SLAVERY AND FREEDOM IN THE PYRAMID OF POWER“Well, that’s why they pay us the big bucks, to make the hard decisions.” “We’re not expected to win popularity contests you know.” The cliches from the other division supervisors followed him into the elevator. The rumors had been right. The company continued to feel the effects of the recession, and drastic cuts were needed in its expenditures to pull it out of the red by the end of the year. Each division was required to cut its expenditures by the same percentage, and it was his task to decide where those cuts would come in his division. He wanted to protest that the work his people did was essential to the long term survival of the company, and these cuts could cripple the company’s competitive edge for years to come.
But surrounded by his fellow supervisors and before his superiors who had determined this action he remained silent. Almost all the others could make similar claims, after all. Having reached his position on the corporate ladder, he thought it unwise to risk its loss by antagonizing those who could keep him there or help him climb further. The current crisis would not last forever and he must protect his position. Still, he had hoped that this position would give him the power to further the welfare of everyone under him. Instead, many people under him would soon be without jobs, and which ones was his decision. Right now he wasn’t feeling very powerful at all. Rather, he felt like a puppet whose superiors held all the strings, a tool of the powers above him just as those below him were seen as his tools. He felt a slave to the system.
Hot tears welled in my eyes as I walked away from that senseless interview. I needed answers and, trustingly, I expected to have them at last. Instead, I had received rebuke and insult. I had become a librarian less than a year before when my predecessor resigned under the pressures of the upcoming move to new quarters and what she described as lack of support from the administration. Students and teachers depended on the availability of the materials our library housed. It had been an awkward and frustrating year trying to operate in the cramped temporary quarters, and the staff was determined to move to the new facility with as little disruption to service as possible. But to do so I needed to know when the move would take place and what assistance would be available and for how long. Repeated requests to my principal were answered with I-don’t-knows. The central administration staff were not giving him any information. This, rumor said, was not unusual, for the principal was not too popular with the higher powers. Teachers claimed he had taken their part too often.

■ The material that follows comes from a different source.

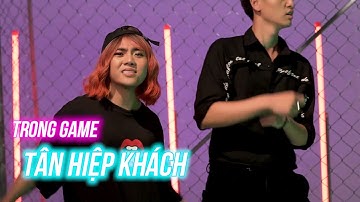 [ TÂN HIỆP KHÁCH 3D ] VẺ BỀ NGOÀI QUAN TRỌNG ĐẾN THẾ SAO ? - THẮNG CUỘI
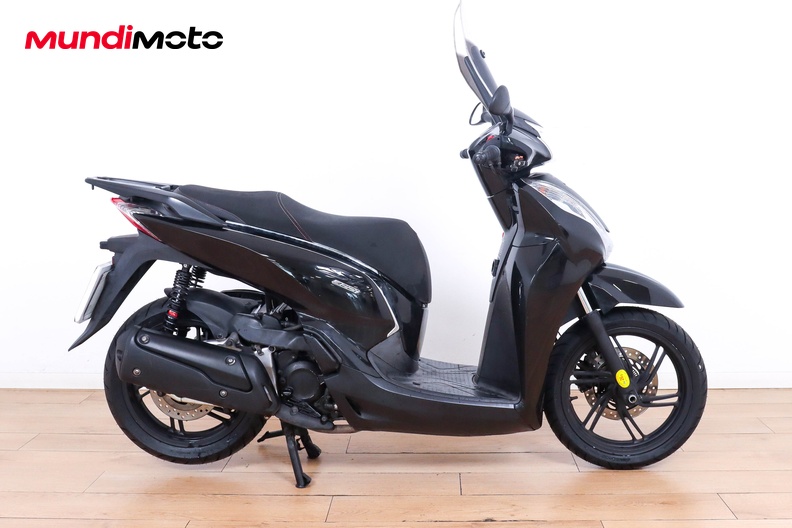 Motorbike image 0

In frustration the principal sent me to talk to the administrator who oversaw all the new building projects. This gentleman informed me that since he was only weeks away from his retirement and a replacement had not been named, I should make an appointment with the assistant superintendent to find my answers. I did. I had gone to the interview feeling that at last I would be talking to someone who knew what was happening and when and how. At last here I could find the information I needed to plan our move. Instead, the man scolded me for bringing my questions to him and said the principal should supply that information. He went on to imply that the principal’s lack of the needed information reflected his basic incompetence.
I left the interview with my questions still unanswered, feeling like a pawn in someone’s cruel game and angry at myself for letting myself be so used. Fuming, I reviewed what I had learned. I had learned that my principal needed support. I had learned never to vary from chain of command. I had learned never to trust anyone in central administration. The traditional management style in this country is the transactional style. Its basis is legalistic. Its language, “if you do this, then I will do that” employs the same terms as legal contracts. The manager has agreed to be responsible for the accomplishment of some task involving the combined efforts of others for completion. For the transactional manager, this implies controlling the actions of others in order to reach the desired end. It is in this need to control that the enslavement within the system can most easily be seen. It is generally much easier to control things than to control people.
Therefore, the temptation to think of people in terms of things or categories rather than as individuals may become a convenience for the transactional manager. This is by no means a conscious decision on the part of the manager, but a trait of human nature and of the management system that can be enhanced under pressures of deadlines and distractions until it becomes habit. For example, it is easy to ignore a valid protest when it comes from a chronic complainer, and a good idea can be overlooked because it came from “just a janitor” or “just a clerk.”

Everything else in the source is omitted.